▶ Task
Only one stretch of the data below is wanted: the lines starting at the one with "Gold Conch Shell Collar Necklace" and ending at the one with "2020 Chevrolet Malibu - $10,977", both included, given again exactly.

▶ Extracted data
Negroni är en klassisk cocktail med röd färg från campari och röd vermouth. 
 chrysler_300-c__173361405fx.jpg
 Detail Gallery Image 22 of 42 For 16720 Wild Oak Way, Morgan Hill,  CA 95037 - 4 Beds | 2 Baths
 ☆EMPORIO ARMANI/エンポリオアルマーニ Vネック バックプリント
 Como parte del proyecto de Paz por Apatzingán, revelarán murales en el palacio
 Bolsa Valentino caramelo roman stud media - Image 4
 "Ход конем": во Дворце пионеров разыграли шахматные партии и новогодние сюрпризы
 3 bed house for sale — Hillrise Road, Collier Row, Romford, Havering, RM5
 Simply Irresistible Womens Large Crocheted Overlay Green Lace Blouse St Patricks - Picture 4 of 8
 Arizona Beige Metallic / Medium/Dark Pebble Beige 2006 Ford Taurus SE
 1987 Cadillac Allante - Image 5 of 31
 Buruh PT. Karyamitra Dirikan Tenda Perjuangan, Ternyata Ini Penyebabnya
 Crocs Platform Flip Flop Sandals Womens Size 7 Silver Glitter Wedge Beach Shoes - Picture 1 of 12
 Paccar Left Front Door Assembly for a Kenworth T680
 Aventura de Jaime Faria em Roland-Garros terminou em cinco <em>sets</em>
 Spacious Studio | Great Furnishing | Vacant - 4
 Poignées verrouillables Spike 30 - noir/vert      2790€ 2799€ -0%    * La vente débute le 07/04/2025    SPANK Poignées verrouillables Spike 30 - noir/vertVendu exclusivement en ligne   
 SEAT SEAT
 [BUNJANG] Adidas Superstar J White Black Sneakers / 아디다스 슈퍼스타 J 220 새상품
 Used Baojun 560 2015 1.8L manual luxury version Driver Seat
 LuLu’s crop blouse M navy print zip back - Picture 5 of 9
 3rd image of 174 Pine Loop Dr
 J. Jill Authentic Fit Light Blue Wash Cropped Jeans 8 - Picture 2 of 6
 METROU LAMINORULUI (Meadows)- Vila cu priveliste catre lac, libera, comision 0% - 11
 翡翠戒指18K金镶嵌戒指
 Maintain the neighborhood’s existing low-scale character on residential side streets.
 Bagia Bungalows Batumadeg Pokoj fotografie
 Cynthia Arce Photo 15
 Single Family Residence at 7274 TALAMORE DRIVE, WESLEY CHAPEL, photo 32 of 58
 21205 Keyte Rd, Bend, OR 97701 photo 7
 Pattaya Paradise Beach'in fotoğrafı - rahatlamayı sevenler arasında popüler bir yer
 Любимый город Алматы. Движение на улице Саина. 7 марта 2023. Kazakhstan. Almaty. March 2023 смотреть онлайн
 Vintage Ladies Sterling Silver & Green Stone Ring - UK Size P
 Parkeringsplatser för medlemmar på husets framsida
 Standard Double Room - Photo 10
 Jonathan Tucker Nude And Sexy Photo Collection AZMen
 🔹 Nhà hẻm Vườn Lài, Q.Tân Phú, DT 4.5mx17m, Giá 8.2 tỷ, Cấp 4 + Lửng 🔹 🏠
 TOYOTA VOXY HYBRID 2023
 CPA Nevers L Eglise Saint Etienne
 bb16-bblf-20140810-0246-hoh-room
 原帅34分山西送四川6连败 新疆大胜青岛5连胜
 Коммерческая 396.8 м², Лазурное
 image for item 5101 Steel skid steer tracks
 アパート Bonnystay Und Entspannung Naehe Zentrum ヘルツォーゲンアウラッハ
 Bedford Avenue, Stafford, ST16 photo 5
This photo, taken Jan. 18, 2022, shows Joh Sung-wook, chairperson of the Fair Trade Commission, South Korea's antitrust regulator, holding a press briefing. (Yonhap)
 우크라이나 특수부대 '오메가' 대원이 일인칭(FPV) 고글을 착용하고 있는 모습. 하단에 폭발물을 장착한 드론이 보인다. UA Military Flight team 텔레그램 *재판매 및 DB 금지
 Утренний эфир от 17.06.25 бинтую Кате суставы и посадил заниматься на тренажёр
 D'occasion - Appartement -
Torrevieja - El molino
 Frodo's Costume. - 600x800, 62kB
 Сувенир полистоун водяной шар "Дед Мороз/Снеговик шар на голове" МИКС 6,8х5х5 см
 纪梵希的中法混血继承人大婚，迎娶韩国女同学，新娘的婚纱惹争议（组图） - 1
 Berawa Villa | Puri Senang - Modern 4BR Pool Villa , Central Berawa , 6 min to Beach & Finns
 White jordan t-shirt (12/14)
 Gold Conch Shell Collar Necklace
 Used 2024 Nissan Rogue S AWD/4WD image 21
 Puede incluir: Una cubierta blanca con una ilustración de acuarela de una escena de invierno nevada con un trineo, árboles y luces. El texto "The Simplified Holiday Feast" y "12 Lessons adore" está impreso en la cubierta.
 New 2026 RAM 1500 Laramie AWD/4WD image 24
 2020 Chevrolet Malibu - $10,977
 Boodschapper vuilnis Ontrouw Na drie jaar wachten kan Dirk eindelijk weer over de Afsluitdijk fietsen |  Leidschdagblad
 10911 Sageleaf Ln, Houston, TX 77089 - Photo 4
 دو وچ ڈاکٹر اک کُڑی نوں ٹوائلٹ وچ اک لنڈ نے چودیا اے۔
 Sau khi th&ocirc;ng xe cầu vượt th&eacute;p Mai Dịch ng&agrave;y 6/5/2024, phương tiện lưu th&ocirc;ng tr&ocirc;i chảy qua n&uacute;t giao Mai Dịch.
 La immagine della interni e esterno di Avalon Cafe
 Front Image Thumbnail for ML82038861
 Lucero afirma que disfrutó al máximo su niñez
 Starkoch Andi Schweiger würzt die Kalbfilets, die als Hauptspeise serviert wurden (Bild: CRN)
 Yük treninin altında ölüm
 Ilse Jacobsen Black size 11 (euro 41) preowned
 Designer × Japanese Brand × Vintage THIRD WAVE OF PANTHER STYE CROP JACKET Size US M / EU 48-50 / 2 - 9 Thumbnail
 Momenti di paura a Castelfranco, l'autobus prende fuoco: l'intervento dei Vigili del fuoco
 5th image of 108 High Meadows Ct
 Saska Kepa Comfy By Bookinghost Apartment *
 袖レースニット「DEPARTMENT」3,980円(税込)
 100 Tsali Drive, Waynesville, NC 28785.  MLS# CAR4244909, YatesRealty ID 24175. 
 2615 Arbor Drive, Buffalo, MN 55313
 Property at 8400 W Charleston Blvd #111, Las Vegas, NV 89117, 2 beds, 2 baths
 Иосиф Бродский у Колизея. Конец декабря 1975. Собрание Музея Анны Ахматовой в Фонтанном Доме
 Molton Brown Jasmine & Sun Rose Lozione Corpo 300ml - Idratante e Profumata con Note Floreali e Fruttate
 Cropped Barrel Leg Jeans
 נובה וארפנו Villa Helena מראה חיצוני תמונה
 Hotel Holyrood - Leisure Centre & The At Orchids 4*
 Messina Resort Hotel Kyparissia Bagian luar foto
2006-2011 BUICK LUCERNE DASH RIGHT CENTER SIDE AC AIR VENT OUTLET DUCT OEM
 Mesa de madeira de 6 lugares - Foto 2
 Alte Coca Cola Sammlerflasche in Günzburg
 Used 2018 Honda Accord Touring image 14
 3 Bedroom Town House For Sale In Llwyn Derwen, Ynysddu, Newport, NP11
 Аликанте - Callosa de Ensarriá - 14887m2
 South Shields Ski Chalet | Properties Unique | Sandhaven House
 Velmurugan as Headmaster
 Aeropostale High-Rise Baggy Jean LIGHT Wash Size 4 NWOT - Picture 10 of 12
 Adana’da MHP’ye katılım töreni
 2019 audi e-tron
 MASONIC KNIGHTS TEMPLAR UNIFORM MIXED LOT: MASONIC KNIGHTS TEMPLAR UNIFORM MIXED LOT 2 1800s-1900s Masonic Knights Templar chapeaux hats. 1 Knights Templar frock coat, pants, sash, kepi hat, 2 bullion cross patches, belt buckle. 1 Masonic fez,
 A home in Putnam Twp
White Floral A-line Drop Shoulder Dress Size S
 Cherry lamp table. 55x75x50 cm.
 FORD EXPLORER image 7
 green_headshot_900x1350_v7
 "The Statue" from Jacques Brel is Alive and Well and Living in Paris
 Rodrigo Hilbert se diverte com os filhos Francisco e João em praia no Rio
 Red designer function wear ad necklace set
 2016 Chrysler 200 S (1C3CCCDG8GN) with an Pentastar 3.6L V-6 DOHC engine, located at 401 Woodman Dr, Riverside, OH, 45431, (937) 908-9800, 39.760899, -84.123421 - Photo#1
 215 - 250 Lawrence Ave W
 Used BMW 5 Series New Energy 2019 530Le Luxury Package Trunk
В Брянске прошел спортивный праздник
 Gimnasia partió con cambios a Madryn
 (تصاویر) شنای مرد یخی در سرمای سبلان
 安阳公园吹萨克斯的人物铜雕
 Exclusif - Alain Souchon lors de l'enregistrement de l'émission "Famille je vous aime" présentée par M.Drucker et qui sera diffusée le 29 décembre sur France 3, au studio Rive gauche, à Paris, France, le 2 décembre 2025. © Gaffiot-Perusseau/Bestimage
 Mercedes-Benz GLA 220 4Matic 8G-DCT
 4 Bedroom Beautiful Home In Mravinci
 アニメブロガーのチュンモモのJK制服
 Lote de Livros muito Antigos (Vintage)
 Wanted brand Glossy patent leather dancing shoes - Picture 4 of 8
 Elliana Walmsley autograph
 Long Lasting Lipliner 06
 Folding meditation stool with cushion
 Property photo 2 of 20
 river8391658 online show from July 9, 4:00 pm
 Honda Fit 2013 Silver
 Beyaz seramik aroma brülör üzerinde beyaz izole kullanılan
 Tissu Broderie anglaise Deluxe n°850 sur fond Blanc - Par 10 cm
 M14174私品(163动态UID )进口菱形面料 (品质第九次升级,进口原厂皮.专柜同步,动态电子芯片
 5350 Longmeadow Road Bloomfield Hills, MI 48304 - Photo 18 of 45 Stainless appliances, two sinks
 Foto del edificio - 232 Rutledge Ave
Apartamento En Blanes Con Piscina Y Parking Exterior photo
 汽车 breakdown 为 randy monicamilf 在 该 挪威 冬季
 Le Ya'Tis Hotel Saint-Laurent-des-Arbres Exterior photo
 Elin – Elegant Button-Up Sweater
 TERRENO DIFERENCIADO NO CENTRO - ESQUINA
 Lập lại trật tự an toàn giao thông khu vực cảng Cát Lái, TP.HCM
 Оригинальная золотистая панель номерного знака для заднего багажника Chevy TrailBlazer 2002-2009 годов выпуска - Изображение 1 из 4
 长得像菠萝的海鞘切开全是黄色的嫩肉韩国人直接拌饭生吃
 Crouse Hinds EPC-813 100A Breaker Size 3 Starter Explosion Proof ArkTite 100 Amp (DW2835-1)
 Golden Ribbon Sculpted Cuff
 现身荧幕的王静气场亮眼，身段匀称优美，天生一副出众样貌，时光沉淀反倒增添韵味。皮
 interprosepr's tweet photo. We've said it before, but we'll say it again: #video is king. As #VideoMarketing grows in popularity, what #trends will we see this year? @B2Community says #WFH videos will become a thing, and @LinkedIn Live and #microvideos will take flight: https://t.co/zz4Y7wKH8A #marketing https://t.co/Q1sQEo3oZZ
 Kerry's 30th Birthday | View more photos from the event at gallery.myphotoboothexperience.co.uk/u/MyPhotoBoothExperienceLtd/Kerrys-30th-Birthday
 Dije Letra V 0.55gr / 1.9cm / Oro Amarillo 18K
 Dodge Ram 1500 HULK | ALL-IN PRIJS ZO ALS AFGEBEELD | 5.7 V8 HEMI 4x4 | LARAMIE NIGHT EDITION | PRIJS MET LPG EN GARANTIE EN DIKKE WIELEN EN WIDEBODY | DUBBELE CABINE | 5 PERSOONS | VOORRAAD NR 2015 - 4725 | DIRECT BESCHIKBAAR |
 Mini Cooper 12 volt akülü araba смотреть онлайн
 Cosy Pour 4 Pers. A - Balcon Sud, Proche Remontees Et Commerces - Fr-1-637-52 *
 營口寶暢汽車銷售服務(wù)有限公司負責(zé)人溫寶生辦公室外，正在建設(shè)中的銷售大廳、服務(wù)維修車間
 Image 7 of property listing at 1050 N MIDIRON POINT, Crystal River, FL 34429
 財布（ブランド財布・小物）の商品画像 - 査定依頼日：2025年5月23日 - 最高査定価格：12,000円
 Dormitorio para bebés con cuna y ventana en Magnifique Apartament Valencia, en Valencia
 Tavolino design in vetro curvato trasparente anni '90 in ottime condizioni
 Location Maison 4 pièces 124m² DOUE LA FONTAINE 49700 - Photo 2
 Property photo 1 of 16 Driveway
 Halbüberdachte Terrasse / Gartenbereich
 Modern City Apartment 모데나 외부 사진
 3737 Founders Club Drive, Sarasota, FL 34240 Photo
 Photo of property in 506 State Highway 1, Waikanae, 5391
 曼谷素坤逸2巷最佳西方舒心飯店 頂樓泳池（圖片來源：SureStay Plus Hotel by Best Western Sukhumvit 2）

▶ Solution
 Gold Conch Shell Collar Necklace
 Used 2024 Nissan Rogue S AWD/4WD image 21
 Puede incluir: Una cubierta blanca con una ilustración de acuarela de una escena de invierno nevada con un trineo, árboles y luces. El texto "The Simplified Holiday Feast" y "12 Lessons adore" está impreso en la cubierta.
 New 2026 RAM 1500 Laramie AWD/4WD image 24
 2020 Chevrolet Malibu - $10,977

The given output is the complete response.